Oui, dit Lucien l’âne, trop, c’est trop ; l’ennui, la souffrance, l’épuisement, la maladie des uns sont les ingrédients nécessaires du confort de la frivolité des autres et à ce jeu de domination et de plastronnage, ces « petits héros fatigués » sont des victimes directes. On a supprimé l’esclavage chez les humains, dit-on, mais c’est faux. Ces petits héros fatigués ont tout de l’esclave, du serf ou de l’ilote ; on les traite comme des sous-hommes.
En effet, Lucien l’âne mon ami, pourtant, ils entrent en ligne de compte, ils sont inclus dans l’équation qui régit ce monde : « Combien faut-il de pauvres pour faire un riche ? ».
Oui, dit Lucien l’âne, l’affaire est claire : du point de vue du système, il faut maintenir une inégalité, car comment être riche, si tout le monde est riche. Les pauvres et toutes les misères sont indispensables au système, ils sont les sources et le réservoir de la richesse. Alors quand j’entends le mot richesse, j’entends une musique funèbre et détestable ; celle qui accompagne de son absence cette grande dépression humaine qu’est la vie superflue. Je songe alors que des hommes ont maltraité les ânes comme ils maltraitent ces « héros fatigués », petits et grands. Il faudrait quand même un jour arriver à faire appliquer La Déclaration universelle des Droits de l’Âne. Allons, en avant, y pas d’avance, il faut rire et vivre quand même et tisser le linceul de ce vieux monde riche, poussif, étouffé, repu et cacochyme.
Heureusement !
Ainsi Parlaient Marco Valdo M.I. et Lucien Lane
Ils vivent mal, pire que vous imaginez,
Une vie sans jeux, qui passe à travailler,
Sans avenir, désireux de partir,
La maladie est leur seul devenir.
Les petits héros fatigués,
On ne les voit pas, ils vont par milliers.

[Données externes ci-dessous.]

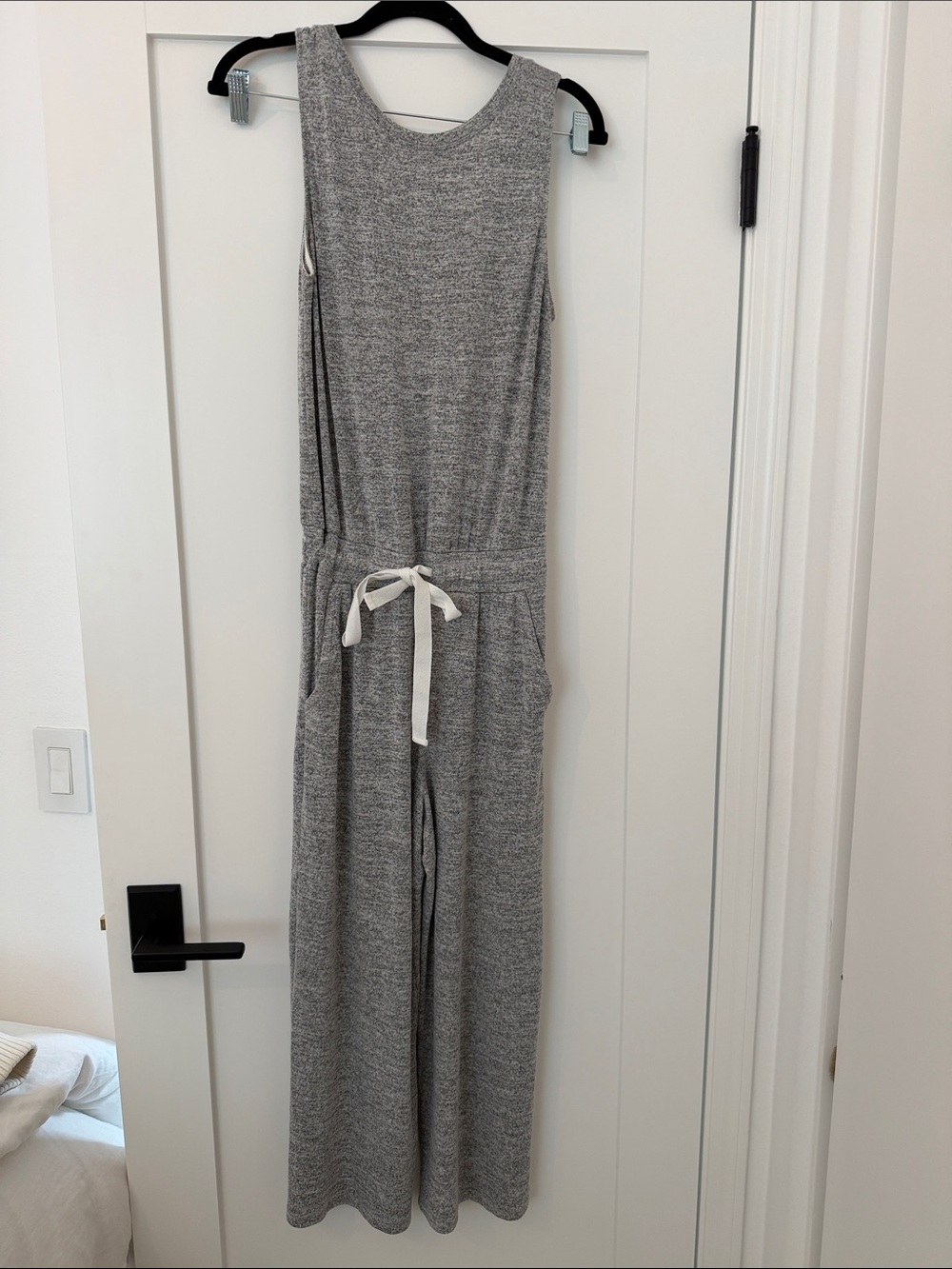 Aritzia Wilfred Gray Sleeveless Knit Jumpsuit with Drawstring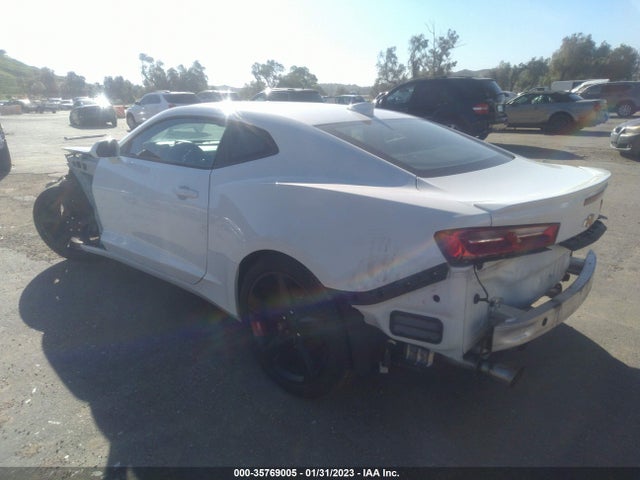Chevrolet Camaro 2lt 2018 1G1FD1RX1J0190759 Image 3
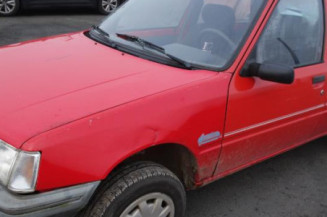 Fermeture de capot PEUGEOT 205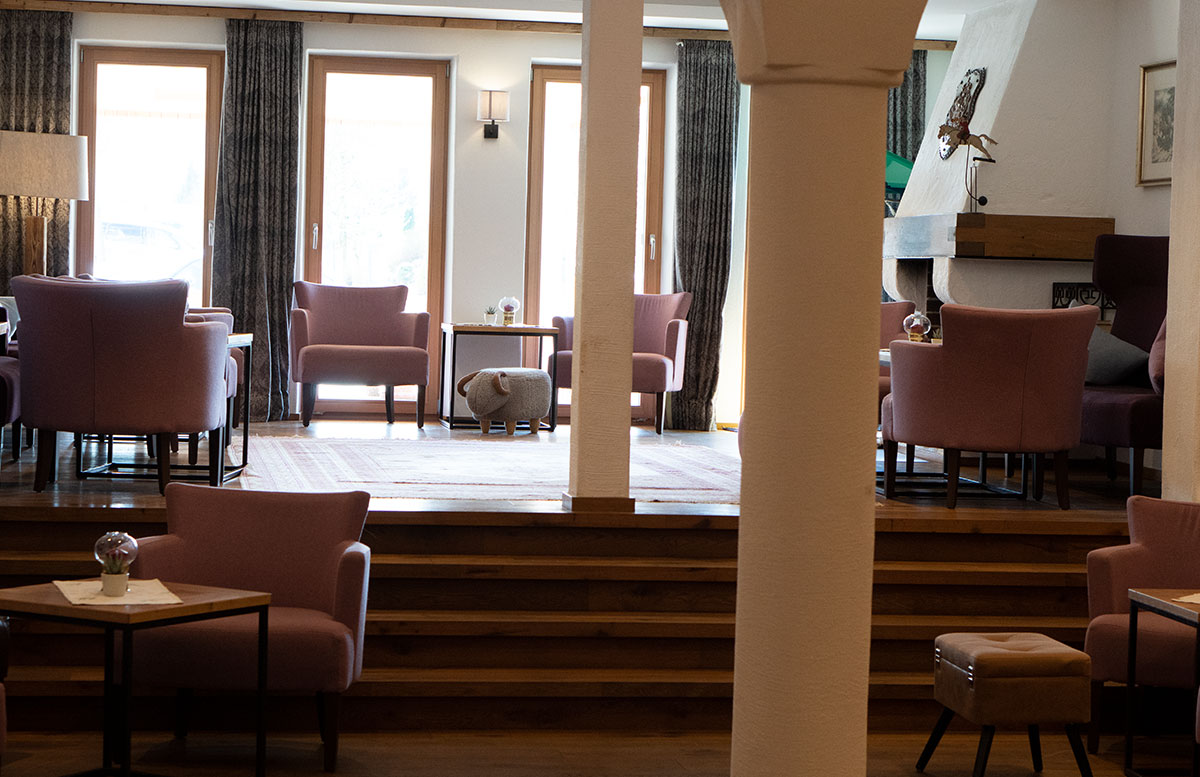 Familotel-Landgut-Furtherwirt-in-Kirchdorf-Tirol-hotellobby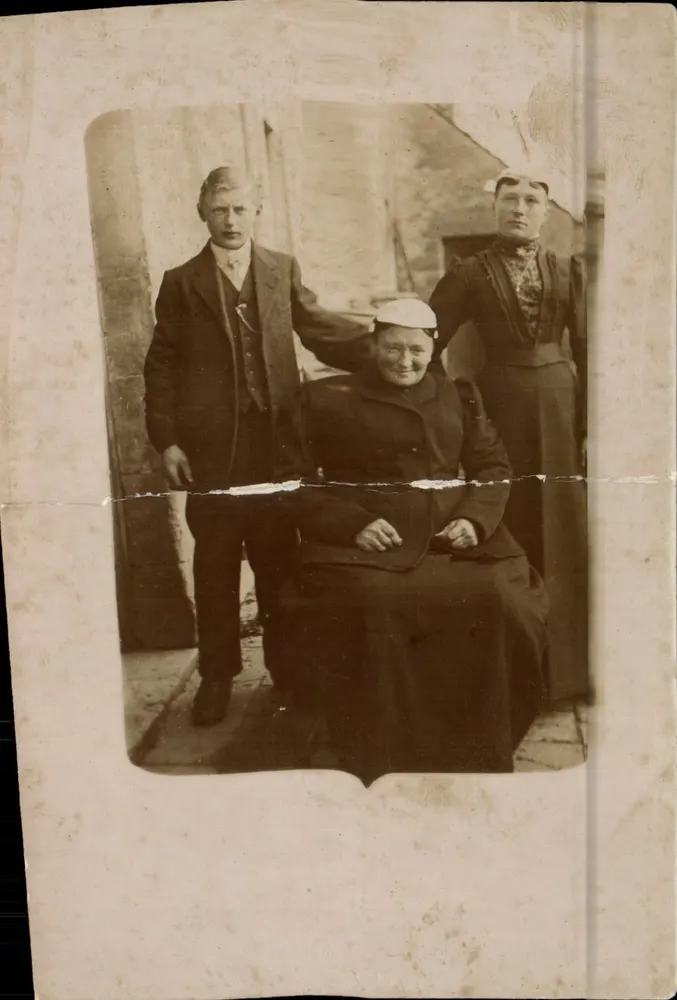Trois personnes — scène de rue — éditeur C. Guillon & Cie, Paris - Vorderseite
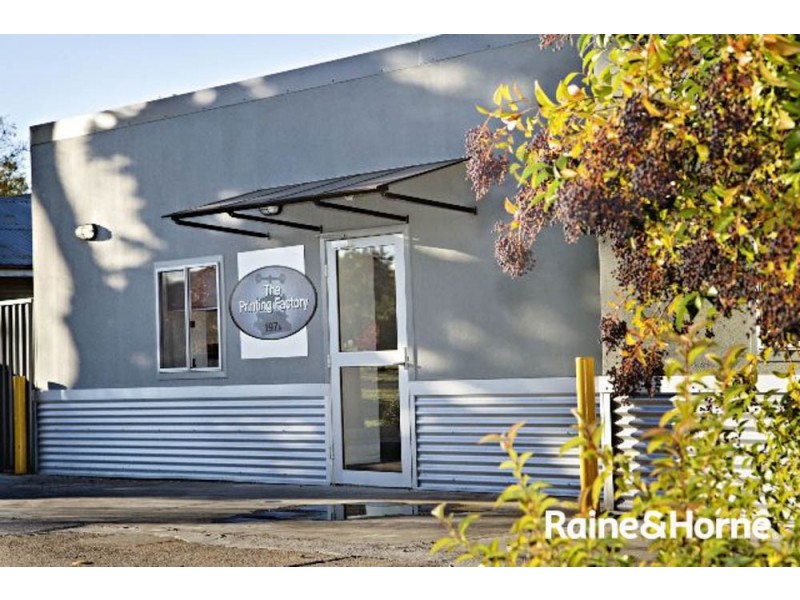 1/197a Browning St, Bathurst NSW 2795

Les petits héros sont mis sur le côté,
Ils sont toujours humiliés.
Dans leur immeuble de banlieue, sans malice,
Ils ont appris à fuir la police,
Aux aléas d’internet, leurs parents les ont laissés
Entre violence et combats, mais on ne peut vivre ainsi.
À l’école, on leur colle une étiquette, on dit
Qu’ils portent malheur, qu’ils ne sont pas intégrés.
Inadaptés, survivants d’une nouvelle guerre,
Ils se relèvent, mais retombent à terre.
Les petits héros fatigués…
Vous préférez ne pas les voir ; il y en a tant,
Vous êtes pressé, vous n’avez pas le temps.
Ils sont nombreux, qu’est-ce que ça peut faire ?
Tant qu’ils ne se rebellent pas et savent se taire.
S’ils sont malades, personne ne le remarque,
La fumée toute la journée les suffoque,
À l’âge où les enfants pensent à jouer.
Elle me dégoûte de plus en plus, cette société.
Les petits héros fatigués…
Vous les exploitez, mais vous vous le cachez.
Quand un nouveau vêtement, vous achetez,
Quand de modèle de portable, vous changez,
D’enfants lointains, la souffrance vous ignorez.
Les petits héros fatigués…
Ils vivent dans la rue, des vies délabrées
Dans les banlieues dégradées et délaissées.
Condamnés sans avoir commis de délits,
Enfermés comme des bandits.
Certains rêvent toujours de liberté,
D’autres fuient ou se laissent aller
Et si le sourire devient difficultueux,
Certains rêvent toujours d’un avenir fabuleux.